### THE TASK
Pictures stay out of the copy; output exactly the lines from the one containing "18154 Mediven Comfort" through the end of the material.

### SUPPLIED DATA
◇ ◇ ◇

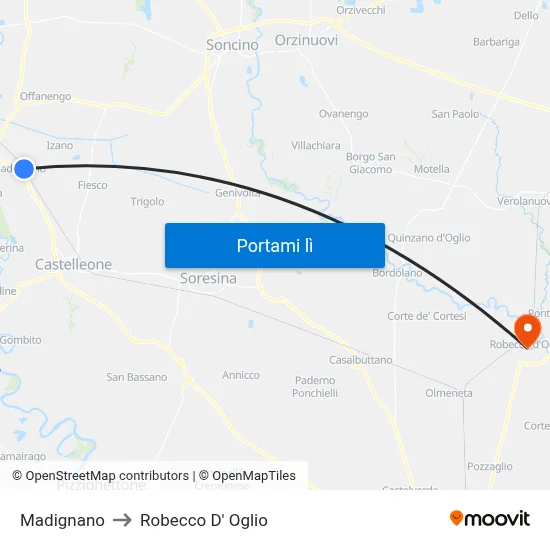 Madignano to Robecco D' Oglio map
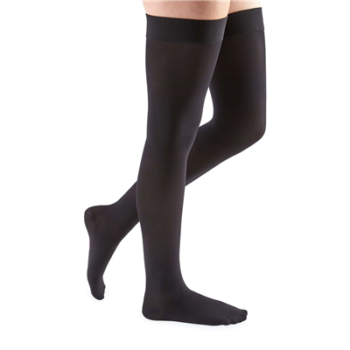 18154 Mediven Comfort Thigh High Bead Top Band CT 15-20mmHG Size 4 Ebony Compression Stockings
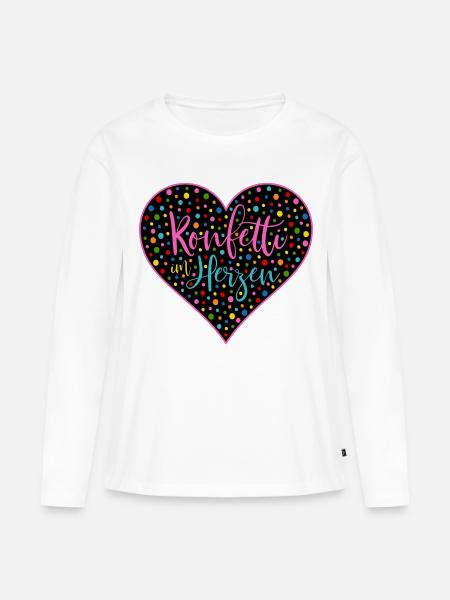 Konfetti im Herzen Fasching Herz Valentinstag - Frauen Premium Bio Langarmshirt - Weiß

◇ ◇ ◇

### OUTPUT BELOW
 18154 Mediven Comfort Thigh High Bead Top Band CT 15-20mmHG Size 4 Ebony Compression Stockings
 Konfetti im Herzen Fasching Herz Valentinstag - Frauen Premium Bio Langarmshirt - Weiß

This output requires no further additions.